Problem statement: Would you reproduce exactly the lines below from the one holding "3 BEDROOM SIMPLEX FOR SALE IN GREENWOOD PARK" through the one holding "Casa espaçosa, Mobiliada", inclusive, and no others?
☆ ☆ ☆ ☆ ☆
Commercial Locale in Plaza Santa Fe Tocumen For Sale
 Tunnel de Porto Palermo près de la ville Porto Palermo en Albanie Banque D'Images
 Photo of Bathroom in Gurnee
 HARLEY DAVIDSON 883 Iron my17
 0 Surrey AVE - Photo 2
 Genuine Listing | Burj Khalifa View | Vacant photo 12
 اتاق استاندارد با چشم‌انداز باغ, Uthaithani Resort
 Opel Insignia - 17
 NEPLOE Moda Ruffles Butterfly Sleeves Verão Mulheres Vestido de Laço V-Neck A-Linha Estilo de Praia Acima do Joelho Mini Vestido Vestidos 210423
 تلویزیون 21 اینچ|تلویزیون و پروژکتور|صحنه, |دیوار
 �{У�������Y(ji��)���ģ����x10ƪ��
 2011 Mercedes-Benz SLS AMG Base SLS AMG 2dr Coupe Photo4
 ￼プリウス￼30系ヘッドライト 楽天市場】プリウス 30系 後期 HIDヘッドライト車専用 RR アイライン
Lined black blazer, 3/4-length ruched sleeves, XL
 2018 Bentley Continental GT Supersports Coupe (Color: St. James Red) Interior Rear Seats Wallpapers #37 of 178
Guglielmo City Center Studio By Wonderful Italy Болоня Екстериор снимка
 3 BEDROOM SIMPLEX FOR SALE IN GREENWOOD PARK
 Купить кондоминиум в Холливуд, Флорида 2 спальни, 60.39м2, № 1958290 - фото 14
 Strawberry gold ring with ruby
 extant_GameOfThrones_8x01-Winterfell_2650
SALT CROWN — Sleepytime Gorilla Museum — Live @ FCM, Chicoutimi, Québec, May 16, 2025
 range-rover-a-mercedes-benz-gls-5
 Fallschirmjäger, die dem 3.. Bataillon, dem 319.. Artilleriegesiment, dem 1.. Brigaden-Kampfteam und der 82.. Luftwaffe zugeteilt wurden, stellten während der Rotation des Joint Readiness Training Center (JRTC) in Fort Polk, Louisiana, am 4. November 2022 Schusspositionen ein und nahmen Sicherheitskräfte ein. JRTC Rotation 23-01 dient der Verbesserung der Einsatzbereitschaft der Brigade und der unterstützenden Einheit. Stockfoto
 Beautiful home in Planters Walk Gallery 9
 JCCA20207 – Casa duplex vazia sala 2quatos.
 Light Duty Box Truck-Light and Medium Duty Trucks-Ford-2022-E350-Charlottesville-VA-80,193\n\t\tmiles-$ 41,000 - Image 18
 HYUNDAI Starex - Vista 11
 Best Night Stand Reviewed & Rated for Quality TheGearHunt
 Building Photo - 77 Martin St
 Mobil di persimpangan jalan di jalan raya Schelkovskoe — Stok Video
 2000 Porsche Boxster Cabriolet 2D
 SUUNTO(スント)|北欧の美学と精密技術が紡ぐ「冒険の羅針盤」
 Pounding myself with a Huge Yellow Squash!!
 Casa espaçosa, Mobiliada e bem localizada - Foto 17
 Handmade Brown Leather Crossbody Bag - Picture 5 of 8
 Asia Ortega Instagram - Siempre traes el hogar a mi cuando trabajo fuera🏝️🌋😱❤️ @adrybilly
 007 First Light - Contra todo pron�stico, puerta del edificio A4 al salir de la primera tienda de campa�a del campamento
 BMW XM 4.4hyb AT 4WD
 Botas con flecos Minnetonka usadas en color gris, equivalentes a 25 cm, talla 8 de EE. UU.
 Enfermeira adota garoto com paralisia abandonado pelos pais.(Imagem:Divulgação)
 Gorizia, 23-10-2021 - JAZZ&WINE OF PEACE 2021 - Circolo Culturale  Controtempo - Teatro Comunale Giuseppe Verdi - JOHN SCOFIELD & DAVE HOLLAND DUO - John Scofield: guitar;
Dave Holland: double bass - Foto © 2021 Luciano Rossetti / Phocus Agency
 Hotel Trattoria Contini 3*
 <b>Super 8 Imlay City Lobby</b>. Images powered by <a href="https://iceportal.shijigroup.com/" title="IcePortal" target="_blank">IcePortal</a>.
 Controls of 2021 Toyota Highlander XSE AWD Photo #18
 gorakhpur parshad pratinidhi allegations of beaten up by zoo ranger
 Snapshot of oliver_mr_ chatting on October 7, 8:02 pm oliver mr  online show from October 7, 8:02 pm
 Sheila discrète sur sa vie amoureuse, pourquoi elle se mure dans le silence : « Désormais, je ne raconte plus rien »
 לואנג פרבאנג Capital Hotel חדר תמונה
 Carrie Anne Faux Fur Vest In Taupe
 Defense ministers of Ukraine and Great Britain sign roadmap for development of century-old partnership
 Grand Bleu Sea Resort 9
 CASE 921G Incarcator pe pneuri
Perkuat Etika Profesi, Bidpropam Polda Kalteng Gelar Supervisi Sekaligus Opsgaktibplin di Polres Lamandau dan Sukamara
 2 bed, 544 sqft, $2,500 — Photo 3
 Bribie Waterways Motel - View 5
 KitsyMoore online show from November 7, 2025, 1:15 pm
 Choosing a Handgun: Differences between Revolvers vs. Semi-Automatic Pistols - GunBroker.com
☆ ☆ ☆ ☆ ☆
Task solution:
 3 BEDROOM SIMPLEX FOR SALE IN GREENWOOD PARK
 Купить кондоминиум в Холливуд, Флорида 2 спальни, 60.39м2, № 1958290 - фото 14
 Strawberry gold ring with ruby
 extant_GameOfThrones_8x01-Winterfell_2650
SALT CROWN — Sleepytime Gorilla Museum — Live @ FCM, Chicoutimi, Québec, May 16, 2025
 range-rover-a-mercedes-benz-gls-5
 Fallschirmjäger, die dem 3.. Bataillon, dem 319.. Artilleriegesiment, dem 1.. Brigaden-Kampfteam und der 82.. Luftwaffe zugeteilt wurden, stellten während der Rotation des Joint Readiness Training Center (JRTC) in Fort Polk, Louisiana, am 4. November 2022 Schusspositionen ein und nahmen Sicherheitskräfte ein. JRTC Rotation 23-01 dient der Verbesserung der Einsatzbereitschaft der Brigade und der unterstützenden Einheit. Stockfoto
 Beautiful home in Planters Walk Gallery 9
 JCCA20207 – Casa duplex vazia sala 2quatos.
 Light Duty Box Truck-Light and Medium Duty Trucks-Ford-2022-E350-Charlottesville-VA-80,193\n\t\tmiles-$ 41,000 - Image 18
 HYUNDAI Starex - Vista 11
 Best Night Stand Reviewed & Rated for Quality TheGearHunt
 Building Photo - 77 Martin St
 Mobil di persimpangan jalan di jalan raya Schelkovskoe — Stok Video
 2000 Porsche Boxster Cabriolet 2D
 SUUNTO(スント)|北欧の美学と精密技術が紡ぐ「冒険の羅針盤」
 Pounding myself with a Huge Yellow Squash!!
 Casa espaçosa, Mobiliada e bem localizada - Foto 17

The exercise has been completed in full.